The Canadian-born Galbraith became one of America's best-known liberals, and was outspoken in his support of government action to solve social problems. He served as adviser to Democratic presidents from Franklin D. Roosevelt to Bill Clinton, and was John F. Kennedy's ambassador to India.

His 1958 book, "The Affluent Society," caused the country to reconsider its values and helped propel him into the international spotlight.

It argued that the American economy was producing individual wealth but hadn't adequately addressed public needs such as schools and highways. U.S. economists and politicians were still using the assumptions of the world of the past, where scarcity and poverty were near-universal, he said.

"As a result, we are guided, in part, by ideas that are relevant to another world," he wrote. "We do many things that are unnecessary, some that are unwise, and a few that are insane."

In 1999, a panel of judges organized by the Modern Library, a book publisher, picked "The Affluent Society" as No. 46 on its list of the century's 100 best English-language works of nonfiction.

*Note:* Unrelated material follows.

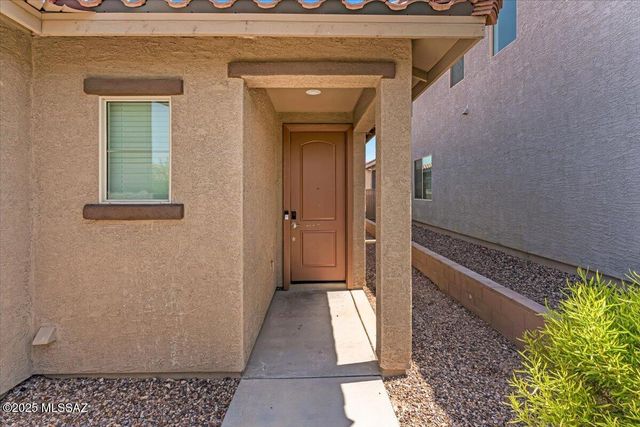 6783 E Paseo De Villalobos, Tucson, AZ 85756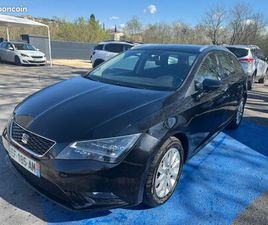 SEAT LEON ST 1.6 TDI 105CV STYLE BUSINESS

Galbraith also was known for his theories on countervailing forces in the economy, where groups such as labor unions were needed to strike a political and social balance.

Richard Neustadt, a Harvard colleague and fellow aide to presidents Kennedy and Truman, said Galbraith demonstrated how "you have to empower people directly before they could fight for themselves."

Galbraith, greeted by the Great Depression when he graduated from college, also had "much more confidence in the ability to work out of economic difficulties and do so with the help of government," Neustadt said.

After his 1975 retirement from Harvard, Galbraith hosted the British-made television series, "The Age of Uncertainty." His book under the same title was a best-seller, as was "Almost Everyone's Guide to Economics."

Among his other books were "The Great Crash," 1955, and "The Culture of Contentment," 1992. He returned to the theme of the crash of 1929 in a January 1987 Atlantic Monthly article that correctly predicted that year's market plunge by citing the parallels of the two eras.

A globe trotter, Galbraith also wrote a factual account of his India years and a novel, "The Triumph," concerning what he called "an uncontrollably funny institution," the U.S. State Department.

Galbraith was born Oct. 15, 1908, in Iona Station, Ontario, Canada.

After graduating from the University of Toronto in 1931, he moved to the United States where he earned his Ph.D. in economics from the University of California. He taught at Harvard from 1934 to 1939 and at Princeton University from 1939 to 1942, then worked in the federal Office of Price Administration during the war.

Galbraith returned to Harvard in 1948, remaining active on the faculty until his retirement, and served a term as president of the American Economic Association.

He was the recipient of the Medal of Freedom, awarded by Truman in 1946, and another from President Clinton in 2000.

Galbraith was married in 1937 to Catherine Atwater. They had three sons, Alan, Peter and James.